▶ [WHAT THE TASK REQUIRES] Go through the entries below and work out how many lines include "Instagram"; give only that number.

▶ [STORED DATA]
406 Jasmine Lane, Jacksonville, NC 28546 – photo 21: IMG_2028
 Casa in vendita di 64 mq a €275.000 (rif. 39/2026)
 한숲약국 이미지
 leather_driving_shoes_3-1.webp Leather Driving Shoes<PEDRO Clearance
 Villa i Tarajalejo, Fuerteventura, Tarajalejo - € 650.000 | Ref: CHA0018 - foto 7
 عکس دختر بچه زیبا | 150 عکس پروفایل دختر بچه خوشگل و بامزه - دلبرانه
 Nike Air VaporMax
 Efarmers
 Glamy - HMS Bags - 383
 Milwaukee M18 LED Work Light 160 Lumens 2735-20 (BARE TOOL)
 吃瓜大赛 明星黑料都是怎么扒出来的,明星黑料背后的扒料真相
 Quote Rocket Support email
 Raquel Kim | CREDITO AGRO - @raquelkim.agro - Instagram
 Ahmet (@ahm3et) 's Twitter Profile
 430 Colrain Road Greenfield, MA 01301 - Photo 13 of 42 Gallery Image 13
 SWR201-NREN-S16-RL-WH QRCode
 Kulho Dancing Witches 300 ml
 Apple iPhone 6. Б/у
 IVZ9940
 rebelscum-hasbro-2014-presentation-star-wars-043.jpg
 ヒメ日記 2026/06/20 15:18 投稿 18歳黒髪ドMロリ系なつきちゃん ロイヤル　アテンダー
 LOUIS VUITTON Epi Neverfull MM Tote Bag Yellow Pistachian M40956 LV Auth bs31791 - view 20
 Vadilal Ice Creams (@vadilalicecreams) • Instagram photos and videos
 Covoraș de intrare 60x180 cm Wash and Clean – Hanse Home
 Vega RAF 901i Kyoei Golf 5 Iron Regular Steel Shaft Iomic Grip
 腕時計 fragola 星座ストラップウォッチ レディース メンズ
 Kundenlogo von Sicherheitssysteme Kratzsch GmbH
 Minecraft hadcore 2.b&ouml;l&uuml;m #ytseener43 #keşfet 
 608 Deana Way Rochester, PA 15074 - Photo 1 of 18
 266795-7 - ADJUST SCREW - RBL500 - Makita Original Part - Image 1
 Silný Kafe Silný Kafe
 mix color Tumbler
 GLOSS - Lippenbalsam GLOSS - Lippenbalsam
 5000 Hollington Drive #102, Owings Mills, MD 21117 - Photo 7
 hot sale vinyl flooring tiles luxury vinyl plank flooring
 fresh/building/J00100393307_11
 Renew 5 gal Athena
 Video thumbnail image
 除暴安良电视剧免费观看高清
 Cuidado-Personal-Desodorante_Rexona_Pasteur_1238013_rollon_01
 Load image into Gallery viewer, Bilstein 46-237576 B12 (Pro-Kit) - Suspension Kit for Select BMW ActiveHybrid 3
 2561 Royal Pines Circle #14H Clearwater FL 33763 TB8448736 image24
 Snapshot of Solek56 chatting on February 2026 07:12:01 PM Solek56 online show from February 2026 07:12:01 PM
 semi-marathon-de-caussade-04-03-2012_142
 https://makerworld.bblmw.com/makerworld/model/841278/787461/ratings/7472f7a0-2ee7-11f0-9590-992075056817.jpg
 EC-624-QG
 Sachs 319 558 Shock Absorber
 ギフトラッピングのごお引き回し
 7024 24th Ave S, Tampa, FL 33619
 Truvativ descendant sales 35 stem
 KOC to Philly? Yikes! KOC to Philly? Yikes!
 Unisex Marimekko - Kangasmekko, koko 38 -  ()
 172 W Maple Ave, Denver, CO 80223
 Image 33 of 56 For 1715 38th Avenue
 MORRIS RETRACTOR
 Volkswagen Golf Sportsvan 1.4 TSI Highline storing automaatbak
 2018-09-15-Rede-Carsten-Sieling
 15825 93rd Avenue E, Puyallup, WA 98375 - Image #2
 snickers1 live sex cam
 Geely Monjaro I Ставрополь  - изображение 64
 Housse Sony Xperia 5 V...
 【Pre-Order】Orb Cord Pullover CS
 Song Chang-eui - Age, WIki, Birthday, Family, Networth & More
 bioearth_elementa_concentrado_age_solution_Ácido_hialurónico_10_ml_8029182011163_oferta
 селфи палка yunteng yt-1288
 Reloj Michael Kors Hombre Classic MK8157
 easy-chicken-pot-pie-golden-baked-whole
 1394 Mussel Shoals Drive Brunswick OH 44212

▶ [TASK ANSWER] 2